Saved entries
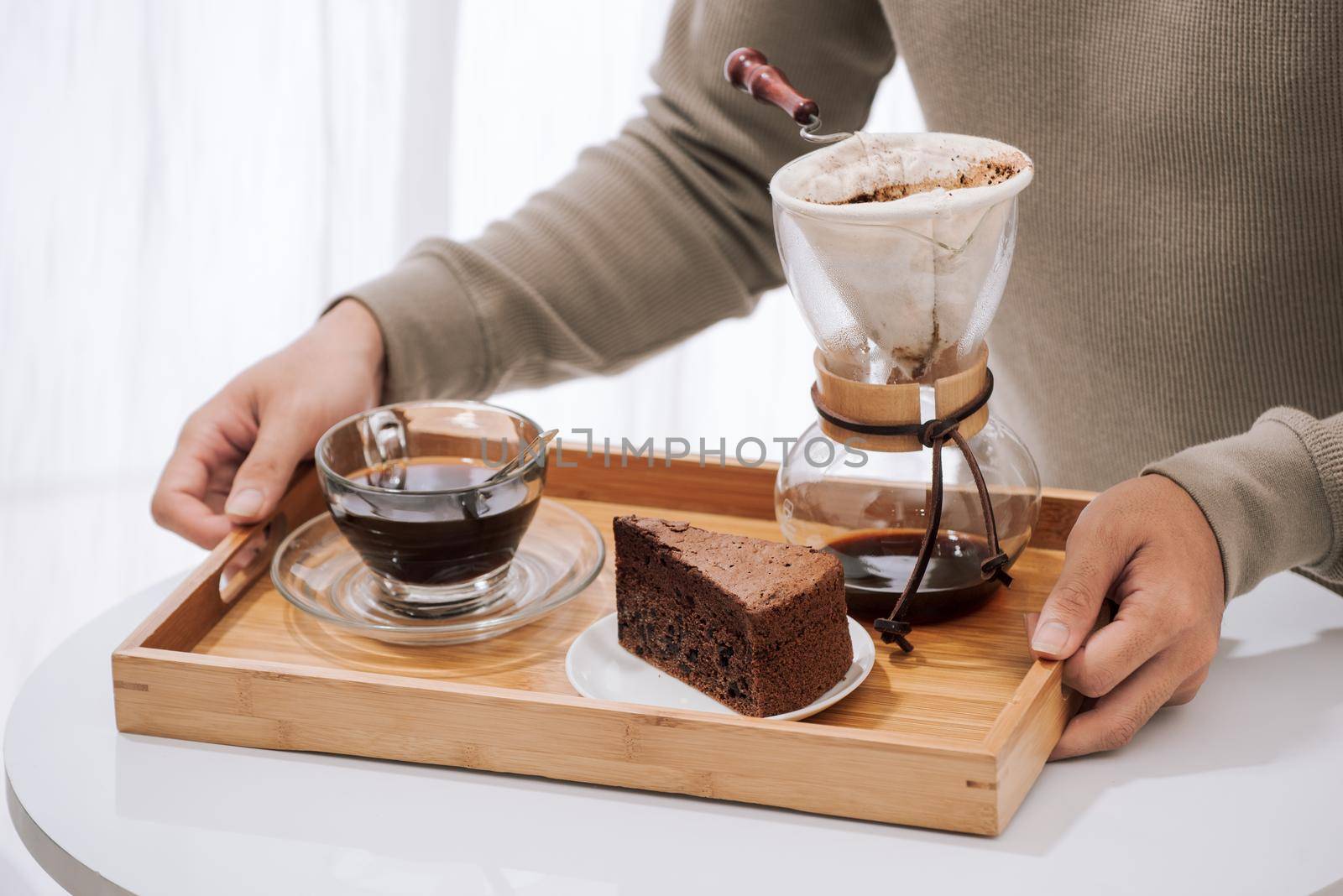 Drip coffee on wooden tray with chocolate cake. Coffee time on the cafe with natural light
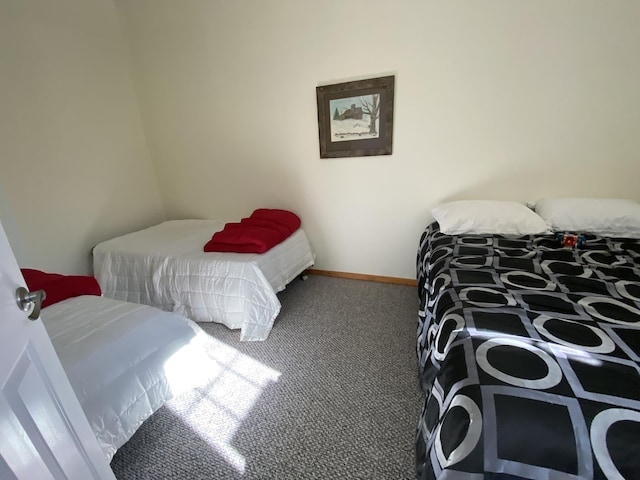 carpeted bedroom featuring baseboards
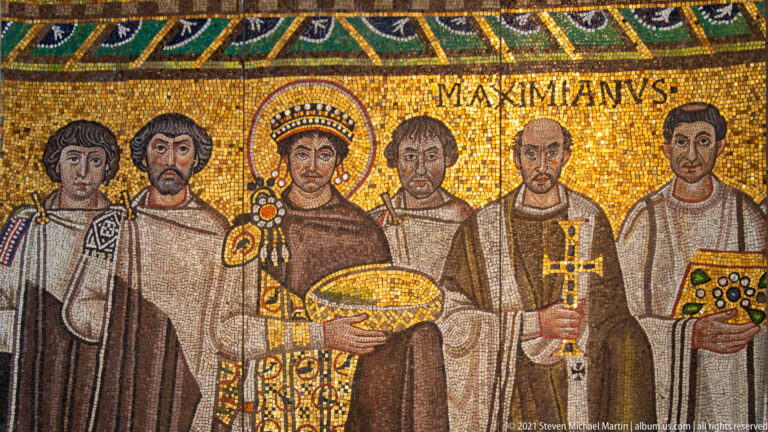 Close view of haloed Emperor Justinian holding a golden vessel among clergy and attendants in a mosaic.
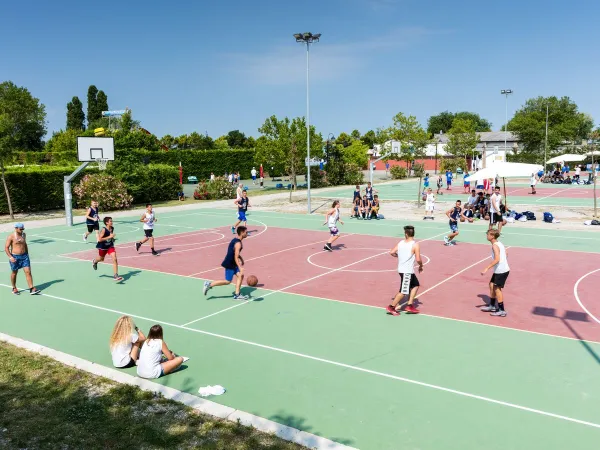 Playing basketball at Roan camping San Francesco.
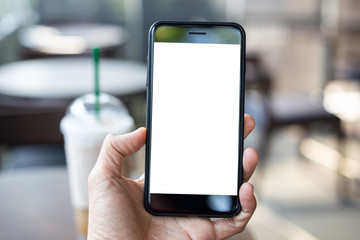 man hand using smartphone In the coffee shop,Screen blank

HOW TO COMPLETE THIS TASK:
Where a line contains "Close view of", begin there and transcribe every line through the last one of the records above, exactly and with no pictures.

ANSWER TO THE EXERCISE:
 Close view of haloed Emperor Justinian holding a golden vessel among clergy and attendants in a mosaic.
 Playing basketball at Roan camping San Francesco.
 man hand using smartphone In the coffee shop,Screen blank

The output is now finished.